/---

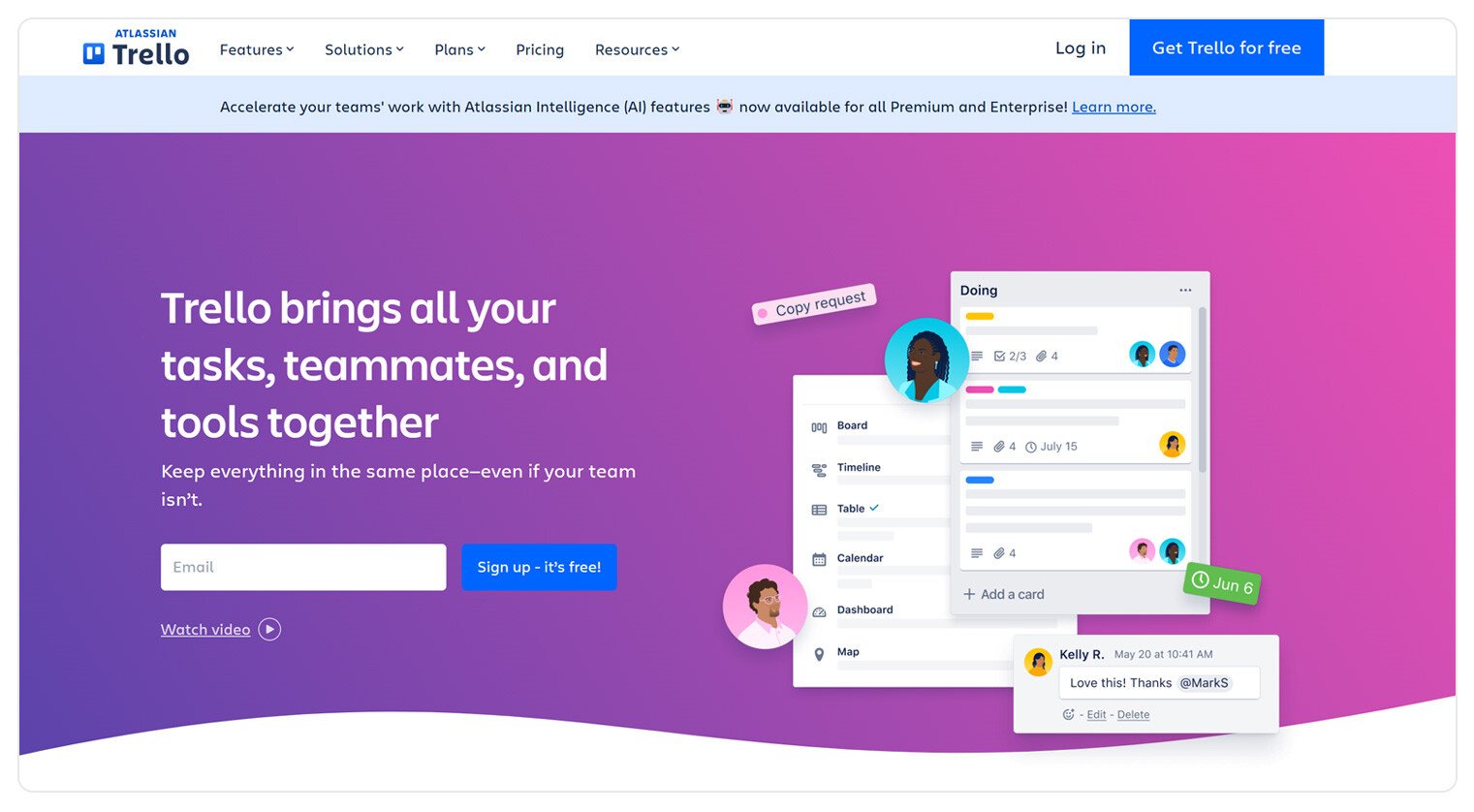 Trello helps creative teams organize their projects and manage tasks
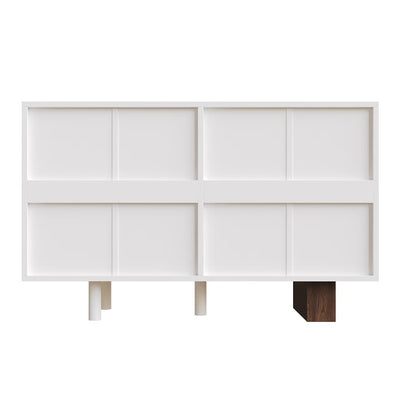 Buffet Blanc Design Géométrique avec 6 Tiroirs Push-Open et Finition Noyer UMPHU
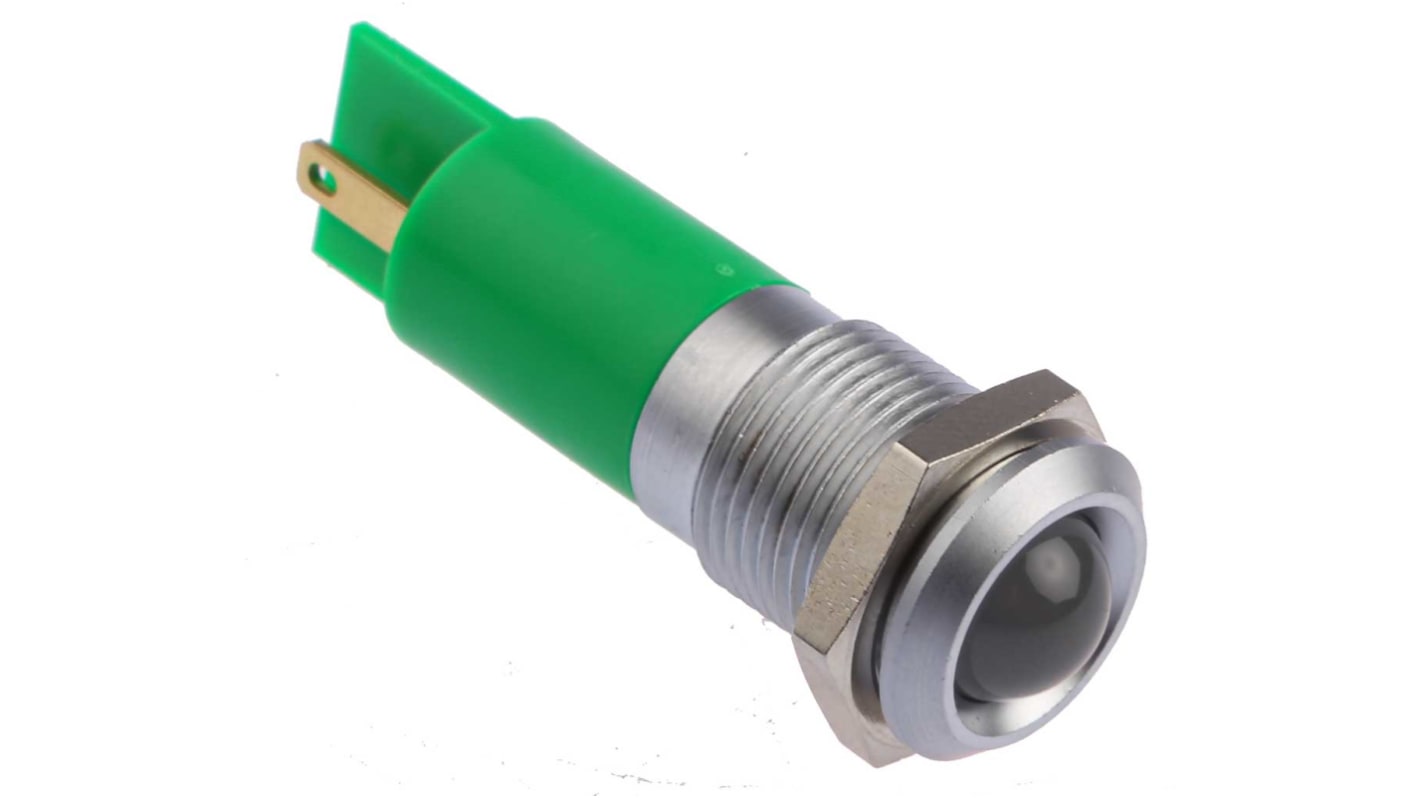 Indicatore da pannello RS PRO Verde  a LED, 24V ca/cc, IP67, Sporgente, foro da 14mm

\---
/---

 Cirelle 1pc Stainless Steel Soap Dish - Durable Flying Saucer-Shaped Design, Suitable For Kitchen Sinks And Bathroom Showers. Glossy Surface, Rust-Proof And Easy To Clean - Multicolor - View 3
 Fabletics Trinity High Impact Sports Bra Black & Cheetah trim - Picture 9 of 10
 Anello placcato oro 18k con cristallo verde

\---

TO DO
Nothing except the lines from the one containing "Trello helps creative" through the one containing "Indicatore da pannello" should appear in the answer, exactly as above and without pictures.

TASK SOLUTION
 Trello helps creative teams organize their projects and manage tasks
 Buffet Blanc Design Géométrique avec 6 Tiroirs Push-Open et Finition Noyer UMPHU
 Indicatore da pannello RS PRO Verde  a LED, 24V ca/cc, IP67, Sporgente, foro da 14mm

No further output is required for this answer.